В том самом начале шестидесятых я отдавал себе отчет, что за год достигнуто мало: «ни кола, ни двора и ни сада». И главное – Галина не со мной. То есть со мной – но так же, как и в Челябинске. Зачем было ехать? Как и до того, мы жаждали, искали и находили возможности встреч. «Новый год встречал в компании журналистов здешнего «Комсомольца». Так и было, компания собралась в квартире Юры и Нины Казаровых, а привела меня туда Галя.
Даже Москву, когда речь идет о светских сплетнях, часто уподобляют деревне. В том смысле, что в ней мгновенно распространяется всякий слух о чем-то тайном, недозволенном, неодобрительном. Что уж тут говорить о Ростове, тем более об узкой среде «журналюг». То, что наша ситуация не представляет секрета, мне стало ясно после одного пустячного случая.
Я и Инесса Саркисова, моя коллега по отделу писем, в радиомонтажной подбирали музыку к передаче. В числе прочих прослушивали песню с такими словами: «Паренек кудрявый произнес три слова и увел девчонку от крыльца родного». Я с легкостью, без всякой нагрузки особым смыслом обронил:
– Надо же, три слова – и увел.

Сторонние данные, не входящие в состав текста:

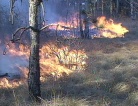 Gli incendi boschivi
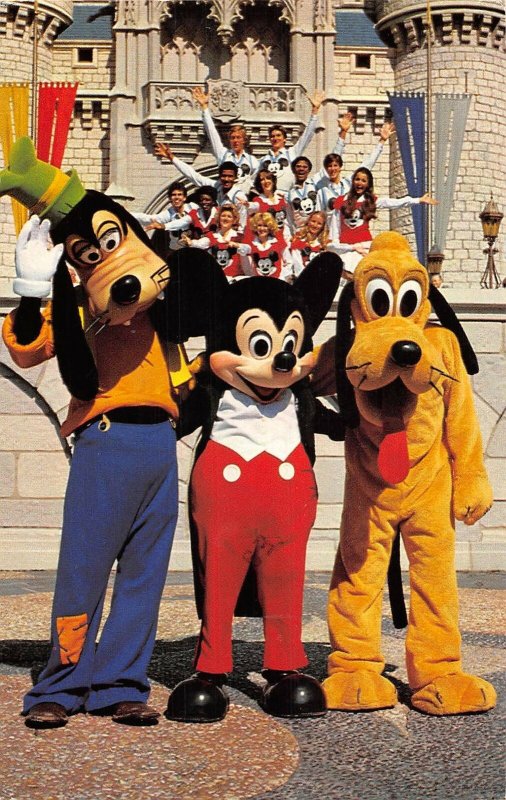 US3001 Kids and Characters, Kingdom Walt Disney World mickey pluto goofy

А тут говоришь, говоришь – и ни фига!
И неожиданно поймал и понимающий взгляд Инессы, и ее же едва скрываемую усмешку, и мгновенно понял: все всё знают.

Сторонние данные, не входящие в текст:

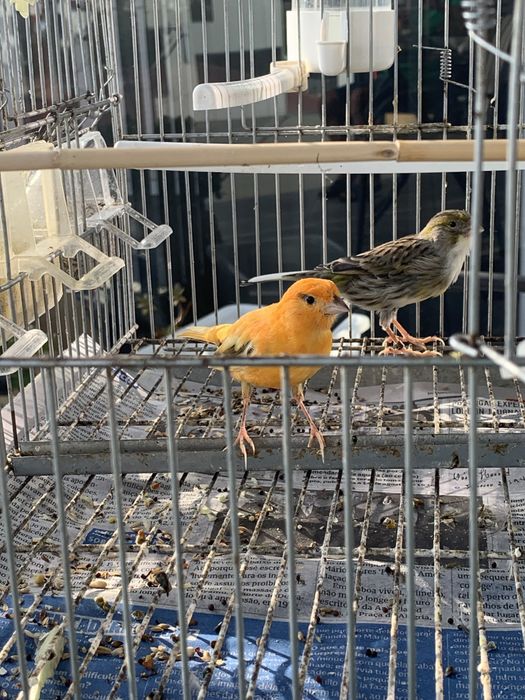 Vendo casal de canarios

Ясное дело, я с первого дня проживания в Ростове возобновил требование развода Галины. Конечно, она уверяла: так обязательно будет, и скоро-скоро… Но надо чуть-чуть подождать… И еще чуть-чуть… В конце концов ей пришлось объясниться: она хочет разойтись «по-мирному», но Режабек – ни в какую, говорит, что не даст ей развод.
Я сознавал, ее положение было во сто крат сложнее моего. Хотя бы в отношении ее родителей. Вот фрагмент письма из Дзержинска еще в Свердловск (она была в отпуске, который мы приурочили к моему – ко времени летней сессии); письмо открывалось девизом «В Крыму цветет миндаль!» и заканчивалось эпилогом: «Миндаль все цветет… Твоя Лясенька».
«Отпуск проходит очень уныло. Читаю, читаю, читаю…..Я намного поумнела, так как ежедневно смотрю телевизор. Это здорово обогащает, хочется делать что-то великое, боевое, например, дать по экрану графином. Все передачи идут на укра¿нськ³й мов³. Щодня мене в³тають вродлив³ д³вчата… Я бы говорила и дальше в этом же духе, но тебе, несчастному, не постигнуть смысла. Ты небось считаешь, что «вродлив³» – уродливые, а это, наоборот, красивые. Вот так, наизнанку, все и понимай.
Мое изгнание близится к концу. Я рада, потому что в Челябинске я буду все-таки к тебе ближе. И смогу тебе чаще писать. Тут это, как ни странно, оказалось нелегко, мама свято хранит устои моей семьи и не хочет допустить никаких отклонений».